According to the above configuration (7), when the “supercharge mode” is selected by the mode selection means, the fuel cell control unit outputs an output obtained by subtracting the vehicle required output from the maximum efficiency output of the fuel cell. When the received power is exceeded, the output of the fuel cell is limited to the sum of the required vehicle output and the received power of the secondary battery, and the secondary battery is charged, so that the predetermined charging rate in the “super charge mode” is reached. Can be charged up to.

  According to at least one embodiment of the present invention, in a power supply device for an electric vehicle including a fuel cell and a secondary battery, the power generation at the highest efficiency output of the fuel cell is a lower limit value and a target value greater than the lower limit value. By performing between the two, it is possible to improve the fuel efficiency compared to the case where the operation with the highest efficiency output is controlled at a predetermined constant charging rate.
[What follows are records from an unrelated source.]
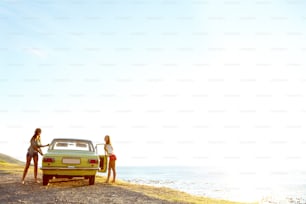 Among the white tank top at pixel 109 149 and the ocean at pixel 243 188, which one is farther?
the ocean at pixel 243 188

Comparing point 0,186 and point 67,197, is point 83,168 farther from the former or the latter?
point 0,186

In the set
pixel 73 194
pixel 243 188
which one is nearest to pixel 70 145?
pixel 73 194

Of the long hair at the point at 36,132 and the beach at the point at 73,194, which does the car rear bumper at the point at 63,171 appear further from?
the long hair at the point at 36,132

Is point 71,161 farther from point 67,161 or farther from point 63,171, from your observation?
point 63,171

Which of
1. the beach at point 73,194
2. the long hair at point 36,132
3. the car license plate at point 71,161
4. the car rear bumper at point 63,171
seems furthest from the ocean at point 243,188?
the long hair at point 36,132

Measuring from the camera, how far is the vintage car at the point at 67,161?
45.3 feet

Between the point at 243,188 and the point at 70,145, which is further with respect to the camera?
the point at 243,188

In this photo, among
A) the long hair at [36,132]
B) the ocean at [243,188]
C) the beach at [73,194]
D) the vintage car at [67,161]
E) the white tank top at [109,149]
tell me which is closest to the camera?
the beach at [73,194]

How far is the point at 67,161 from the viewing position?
1389 centimetres

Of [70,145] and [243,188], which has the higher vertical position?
[70,145]

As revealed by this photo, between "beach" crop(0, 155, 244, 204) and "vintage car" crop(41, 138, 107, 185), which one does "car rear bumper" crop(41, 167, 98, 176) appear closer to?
"vintage car" crop(41, 138, 107, 185)

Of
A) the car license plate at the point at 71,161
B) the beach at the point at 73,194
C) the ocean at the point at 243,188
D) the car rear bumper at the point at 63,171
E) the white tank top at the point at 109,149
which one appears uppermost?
the white tank top at the point at 109,149

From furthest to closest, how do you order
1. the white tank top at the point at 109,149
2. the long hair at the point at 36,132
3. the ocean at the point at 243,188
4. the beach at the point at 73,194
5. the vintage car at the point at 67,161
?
the ocean at the point at 243,188 → the white tank top at the point at 109,149 → the long hair at the point at 36,132 → the vintage car at the point at 67,161 → the beach at the point at 73,194

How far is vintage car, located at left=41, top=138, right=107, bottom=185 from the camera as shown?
13805 millimetres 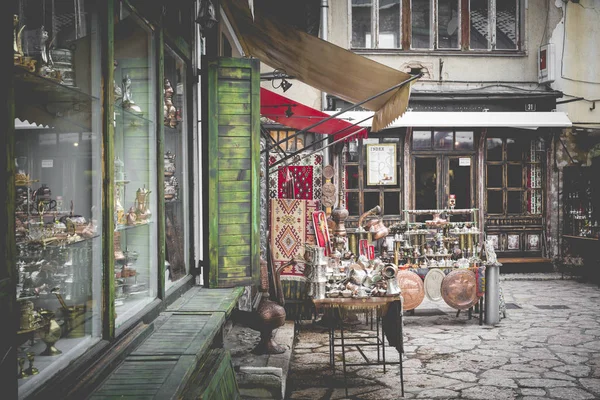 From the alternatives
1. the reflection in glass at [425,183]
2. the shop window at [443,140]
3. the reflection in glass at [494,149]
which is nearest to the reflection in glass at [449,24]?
the shop window at [443,140]

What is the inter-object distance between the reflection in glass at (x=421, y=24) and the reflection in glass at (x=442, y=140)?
92.9 inches

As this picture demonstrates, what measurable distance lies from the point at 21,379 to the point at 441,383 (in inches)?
196

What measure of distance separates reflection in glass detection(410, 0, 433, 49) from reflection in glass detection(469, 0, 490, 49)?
3.91ft

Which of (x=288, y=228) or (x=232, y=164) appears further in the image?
(x=288, y=228)

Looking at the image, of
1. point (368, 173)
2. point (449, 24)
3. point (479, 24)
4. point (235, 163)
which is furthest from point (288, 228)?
point (479, 24)

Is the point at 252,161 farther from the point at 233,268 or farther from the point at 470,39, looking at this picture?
the point at 470,39

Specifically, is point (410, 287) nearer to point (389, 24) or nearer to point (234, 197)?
point (234, 197)

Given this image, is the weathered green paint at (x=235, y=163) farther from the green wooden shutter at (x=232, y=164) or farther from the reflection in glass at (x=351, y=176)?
the reflection in glass at (x=351, y=176)

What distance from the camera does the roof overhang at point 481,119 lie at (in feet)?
43.1

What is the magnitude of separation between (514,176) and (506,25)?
405 centimetres

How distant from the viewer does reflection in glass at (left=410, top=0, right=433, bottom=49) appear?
47.3ft

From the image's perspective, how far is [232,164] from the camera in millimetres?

1 is a schematic configuration diagram of a power supply device for an electric vehicle according to an embodiment of the present invention. It is a control table explaining the operation control of a fuel cell. It is a characteristic view which shows the relationship between a fuel cell output (FC output) and vehicle efficiency. It is a characteristic view which shows the relationship between secondary battery receivable electric power and a charging rate (SOC). It is a control flowchart in the fuel cell control part of the power supply device of the electric vehicle which concerns on one Embodiment of this invention. 6 is a control flowchart of “normal mode control” in FIG. 5. 6 is a control flowchart of “emergency mode control” in FIG. 5. 6 is a control flowchart of “save mode control” in FIG. 5. 6 is a control flowchart of “charge mode control” in FIG. 5. 6 is a control flowchart of “supercharge mode control” in FIG. 5. It is a control flowchart in the fuel cell control part of the power supply device of the electric vehicle which concerns on other one Embodiment of this invention.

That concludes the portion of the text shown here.